Hill came into custody of his own doing, Wilkinson explained Monday. He had stopped late Tuesday at a Tesoro station at Mile 99 Parks Highway with car trouble and flagged down Chadwell for assistance, Wilkinson said.

The trooper ran Hill's record as a matter of routine and discovered an outstanding arrest warrant for having missed a court date in Valdez, where he was charged as a minor consuming alcohol, according to a troopers' media report.

Chadwell arrested Hill, handcuffed him, placed him in the patrol car's back seat and belted him in, according to troopers.

Next, Chadwell responded around midnight to a motor-vehicle collision at Mile 65 of the Parks, in which two victims were entrapped.
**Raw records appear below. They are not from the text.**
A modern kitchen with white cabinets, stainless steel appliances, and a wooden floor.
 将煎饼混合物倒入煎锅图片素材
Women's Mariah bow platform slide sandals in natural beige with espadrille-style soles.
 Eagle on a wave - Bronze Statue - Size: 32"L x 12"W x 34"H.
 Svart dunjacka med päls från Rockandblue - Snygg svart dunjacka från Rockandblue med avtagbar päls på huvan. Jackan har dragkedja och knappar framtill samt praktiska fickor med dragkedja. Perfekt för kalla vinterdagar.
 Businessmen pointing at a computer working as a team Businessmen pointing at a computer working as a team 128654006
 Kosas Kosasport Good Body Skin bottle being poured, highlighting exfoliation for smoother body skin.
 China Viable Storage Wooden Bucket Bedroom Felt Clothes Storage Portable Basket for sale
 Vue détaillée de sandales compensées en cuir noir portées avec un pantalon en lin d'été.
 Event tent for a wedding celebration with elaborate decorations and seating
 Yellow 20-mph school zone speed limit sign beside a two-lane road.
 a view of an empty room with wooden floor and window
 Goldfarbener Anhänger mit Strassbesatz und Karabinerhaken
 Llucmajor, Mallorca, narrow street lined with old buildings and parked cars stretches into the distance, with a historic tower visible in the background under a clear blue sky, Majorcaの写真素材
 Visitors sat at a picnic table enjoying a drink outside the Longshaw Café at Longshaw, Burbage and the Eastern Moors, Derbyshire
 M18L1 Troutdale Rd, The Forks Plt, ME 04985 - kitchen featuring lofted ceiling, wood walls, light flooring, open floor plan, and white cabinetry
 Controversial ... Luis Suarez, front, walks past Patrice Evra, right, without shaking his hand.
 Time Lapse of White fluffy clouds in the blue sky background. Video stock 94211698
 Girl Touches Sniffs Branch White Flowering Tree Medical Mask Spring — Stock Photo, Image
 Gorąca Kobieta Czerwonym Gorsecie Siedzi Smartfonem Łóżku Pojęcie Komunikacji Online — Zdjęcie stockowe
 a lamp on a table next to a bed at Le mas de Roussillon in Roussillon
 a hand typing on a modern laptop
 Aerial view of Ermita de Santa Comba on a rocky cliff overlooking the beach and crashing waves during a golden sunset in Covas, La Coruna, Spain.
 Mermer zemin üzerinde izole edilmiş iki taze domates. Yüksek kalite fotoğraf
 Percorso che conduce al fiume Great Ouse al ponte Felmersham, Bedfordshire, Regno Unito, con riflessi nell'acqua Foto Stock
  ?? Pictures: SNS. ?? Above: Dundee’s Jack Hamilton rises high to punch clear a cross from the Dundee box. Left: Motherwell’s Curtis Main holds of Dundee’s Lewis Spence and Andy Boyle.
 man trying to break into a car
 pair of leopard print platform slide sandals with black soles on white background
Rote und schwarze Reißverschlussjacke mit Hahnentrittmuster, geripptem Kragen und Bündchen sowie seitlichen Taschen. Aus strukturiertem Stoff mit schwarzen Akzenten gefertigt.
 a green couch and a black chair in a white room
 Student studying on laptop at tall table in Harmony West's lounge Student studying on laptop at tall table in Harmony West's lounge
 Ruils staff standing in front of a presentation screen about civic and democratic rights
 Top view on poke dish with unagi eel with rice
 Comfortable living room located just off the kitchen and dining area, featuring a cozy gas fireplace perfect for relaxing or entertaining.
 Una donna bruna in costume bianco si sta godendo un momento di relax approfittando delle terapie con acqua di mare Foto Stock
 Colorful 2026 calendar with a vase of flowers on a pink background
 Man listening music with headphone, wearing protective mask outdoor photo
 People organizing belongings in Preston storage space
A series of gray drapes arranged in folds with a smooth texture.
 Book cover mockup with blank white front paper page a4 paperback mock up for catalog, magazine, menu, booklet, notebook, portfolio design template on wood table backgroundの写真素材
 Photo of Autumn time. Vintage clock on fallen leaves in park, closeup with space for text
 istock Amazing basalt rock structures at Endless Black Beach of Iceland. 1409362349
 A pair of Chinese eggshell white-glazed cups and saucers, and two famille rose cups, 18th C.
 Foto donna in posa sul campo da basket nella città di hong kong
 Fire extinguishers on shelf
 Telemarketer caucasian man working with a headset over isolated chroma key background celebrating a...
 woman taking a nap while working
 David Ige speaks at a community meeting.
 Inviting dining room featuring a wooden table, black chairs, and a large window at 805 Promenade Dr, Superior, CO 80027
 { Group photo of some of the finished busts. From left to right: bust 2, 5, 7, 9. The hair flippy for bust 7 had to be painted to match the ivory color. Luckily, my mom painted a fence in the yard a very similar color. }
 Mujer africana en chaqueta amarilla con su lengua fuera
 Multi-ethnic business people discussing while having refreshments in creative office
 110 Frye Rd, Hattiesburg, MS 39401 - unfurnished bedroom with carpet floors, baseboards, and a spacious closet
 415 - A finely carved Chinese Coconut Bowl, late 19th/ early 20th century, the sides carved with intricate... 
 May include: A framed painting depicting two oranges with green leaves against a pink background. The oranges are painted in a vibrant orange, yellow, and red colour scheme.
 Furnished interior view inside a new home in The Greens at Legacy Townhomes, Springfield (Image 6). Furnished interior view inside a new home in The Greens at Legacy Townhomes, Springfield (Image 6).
Chadwell, 51, a trooper since March 1999, was the officer closest to the wreck scene, Wilkinson said.

A GMC sport utility vehicle with a family of four from California inside had rolled twice after the driver lost control. The parents were injured. Chadwell, the only officer present, took charge of the scene while paramedics treated the injured parents, Wilkinson explained. He said Chadwell was away from his patrol car 17 minutes.

While Chadwell was away, Hill kicked out a side, rear window and fled, according to the troopers. Hill's prior record shows he'd been charged with minor offenses -- petty theft, underage drinking, driving without a license.

A daylong search, including use of a handheld, infrared device that sees heat signatures at night, failed to locate Hill, troopers state. His description was posted online, and another warrant obtained charging him with escape.

Sometime close to 4:30 p.m. Sunday, someone at the Nancy Lake marina, near Willow, reported a body, handcuffed, in the lake. It was Hill's, Wilkinson said.

The body will be autopsied to determine the precise cause of death, he added.

Wilkinson said Chadwell, who's been assigned to Talkeetna since February 2001, remains on duty. Trooper policy states that officers are responsible for protecting any prisoner from harm and delivering the prisoner to jail safely, Wilkinson said.

"Our feeling, based on common practice, is that handcuffed and seat-belted in the locked rear compartment of a patrol car, there is no way out of custody except using extreme or extraordinary measures, which is what Mr. Hill did," Wilkinson said.

The place where Hill entered the lake is about three-quarters of a mile from the spot on the highway where Chadwell had parked near the accident scene, according to troopers.

"Troopers on the body recovery stepped into a hornet's nest and were stung," Wilkinson said. "Whether he (Hill) encountered that same hornet's nest and headed for the water, we don't know yet. We don't know if he went in accidentally or intentionally."

He said the shoreline near the spot where Hill probably went into the lake slopes about 30 degrees into the water.